С точки зрения А. Ф. Лосева, миф – это не выдумка, а диалектически необходимая категория сознания и бытия. В то же время, понимая миф как символ [Лосев: 1994, с. 57], исследователь полагает, что он таким образом обобщает в себе всё и становится универсальным.

Возникнув из ритуала, миф поставил вопрос о более чёткой персонификации Богов, в том числе Богов, связанных со смертью. Поскольку смерть воспринималась как процесс, управляемый высшими силами, божества «помещались» в определённые условия жизни и наделялись теми или иными полномочиями. Интересно, что зачастую основной «род деятельности» божества не был связан исключительно со смертью (оно управляло ещё сходными процессами, так или иначе относящимися к умиранию, например, отвечало за зиму, холод и пр.). При этом нередко смерть представала в женском обличье, что прямо нас отсылает к столь близко отстоящим от смерти темам плодородия и эротической сферой.

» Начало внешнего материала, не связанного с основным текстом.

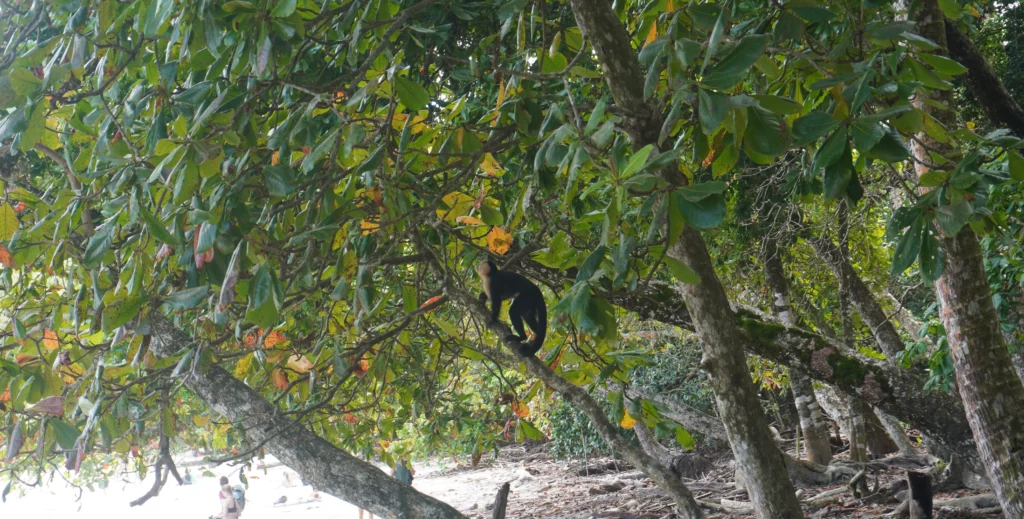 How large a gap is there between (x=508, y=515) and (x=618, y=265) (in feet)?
27.5

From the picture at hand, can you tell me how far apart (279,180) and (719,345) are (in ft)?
4.39

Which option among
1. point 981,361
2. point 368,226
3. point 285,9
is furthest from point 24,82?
point 981,361

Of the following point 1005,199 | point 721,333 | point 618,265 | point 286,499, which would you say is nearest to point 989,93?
point 1005,199

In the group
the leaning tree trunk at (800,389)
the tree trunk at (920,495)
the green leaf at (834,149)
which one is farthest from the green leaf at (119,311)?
the leaning tree trunk at (800,389)

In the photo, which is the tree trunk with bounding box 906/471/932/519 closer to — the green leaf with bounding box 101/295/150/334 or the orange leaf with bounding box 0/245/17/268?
the green leaf with bounding box 101/295/150/334

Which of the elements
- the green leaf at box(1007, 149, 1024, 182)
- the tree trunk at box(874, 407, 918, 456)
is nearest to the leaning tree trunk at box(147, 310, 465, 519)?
the green leaf at box(1007, 149, 1024, 182)

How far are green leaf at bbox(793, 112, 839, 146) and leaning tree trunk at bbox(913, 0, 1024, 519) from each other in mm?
2144

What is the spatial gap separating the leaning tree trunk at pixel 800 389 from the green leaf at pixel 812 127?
524cm

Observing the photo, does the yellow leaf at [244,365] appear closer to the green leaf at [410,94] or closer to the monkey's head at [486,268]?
the monkey's head at [486,268]

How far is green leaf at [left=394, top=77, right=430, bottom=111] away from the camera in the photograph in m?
1.82

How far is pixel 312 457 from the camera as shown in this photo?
3.40 m

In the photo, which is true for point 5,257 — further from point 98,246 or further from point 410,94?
point 410,94

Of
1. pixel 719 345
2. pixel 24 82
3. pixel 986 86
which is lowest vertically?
pixel 719 345

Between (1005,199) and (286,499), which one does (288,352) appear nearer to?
(1005,199) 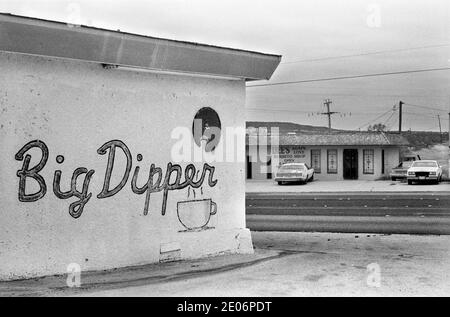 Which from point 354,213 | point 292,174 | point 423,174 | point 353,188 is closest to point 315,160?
→ point 292,174

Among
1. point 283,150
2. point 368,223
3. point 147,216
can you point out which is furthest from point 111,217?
point 283,150

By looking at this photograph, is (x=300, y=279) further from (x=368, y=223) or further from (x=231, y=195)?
(x=368, y=223)

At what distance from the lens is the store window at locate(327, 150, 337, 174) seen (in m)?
43.7

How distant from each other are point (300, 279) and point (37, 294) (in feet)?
11.1

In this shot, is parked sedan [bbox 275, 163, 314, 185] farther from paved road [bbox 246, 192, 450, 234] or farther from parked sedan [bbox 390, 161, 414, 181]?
paved road [bbox 246, 192, 450, 234]

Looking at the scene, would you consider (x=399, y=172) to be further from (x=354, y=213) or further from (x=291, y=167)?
(x=354, y=213)

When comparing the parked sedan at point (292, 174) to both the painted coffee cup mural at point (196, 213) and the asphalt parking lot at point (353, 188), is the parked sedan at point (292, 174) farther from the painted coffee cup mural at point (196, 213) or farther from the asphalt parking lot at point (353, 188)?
the painted coffee cup mural at point (196, 213)

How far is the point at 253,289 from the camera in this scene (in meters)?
7.09

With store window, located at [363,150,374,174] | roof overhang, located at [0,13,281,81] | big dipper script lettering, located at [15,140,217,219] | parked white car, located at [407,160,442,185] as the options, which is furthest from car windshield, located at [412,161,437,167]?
big dipper script lettering, located at [15,140,217,219]

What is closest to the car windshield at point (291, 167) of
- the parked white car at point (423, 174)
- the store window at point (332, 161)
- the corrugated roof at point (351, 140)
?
the corrugated roof at point (351, 140)

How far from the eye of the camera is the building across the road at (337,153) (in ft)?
141

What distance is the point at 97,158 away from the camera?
27.4 feet

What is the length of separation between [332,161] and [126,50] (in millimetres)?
36964

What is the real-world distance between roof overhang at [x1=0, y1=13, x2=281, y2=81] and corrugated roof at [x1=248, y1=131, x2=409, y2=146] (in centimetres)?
3385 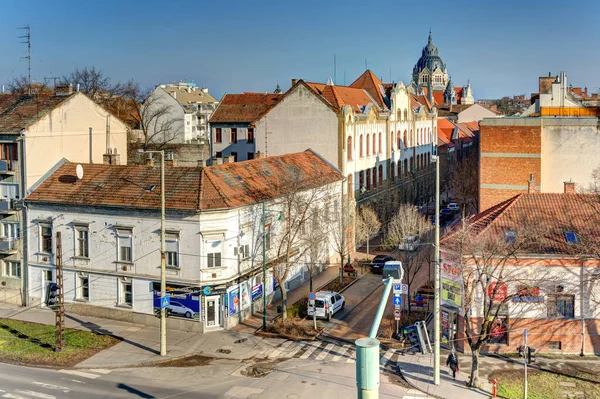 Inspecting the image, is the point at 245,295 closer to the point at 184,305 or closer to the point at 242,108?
the point at 184,305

В то же время, понятие «смерть» в мифе могло означать забвение[1] , сон[2] или плен[3] персонажа, которые в дальнейшем должны быть преодолены. Сон как аналог смерти встречается довольно часто: подобные представления отражены даже в форме надгробных эпитафий («спи мирным сном», «да почит в мире» и т. д.). Этому способствует ряд причин:

  1. состояние сна понимается как временная смерть, поскольку нарушено естественное восприятие вещей;
  2. представление о сне и о смерти связано с образом ночи, тьмы (то есть тем, что противопоставлено дню, свету, а значит – жизни);
  3. сон – антипод бодрствования (то есть чего-то ясного, разумного, понятного). Победа над этими состояниями фактически символизирует победу над смертью.
    Примечательно, что истоком идеи воскресения через символическую смерть стала именно мифологическая тема убийства Бога. Схема выстраивалась следующим образом:
  • убийство Богом (существом, животным) людей (с целью их посвящения)
  • месть людей и как итог – получение от существа «скрытых знаний»
  • трансформация существа в образ или предмет, символически наделённый его качествами

Другими словами, в смерти Бога мы видим не только его будущее возрождение в новом качестве или форме, но и новый способ существования всего человечества… [Элиаде: интернет-ресурс]. Результатом убийства Бога иногда становится потеря бессмертия для всего человечества. Обычно это происходит по причине определённого проступка мифического первопредка. Иногда это совершается параллельно с разделением полов.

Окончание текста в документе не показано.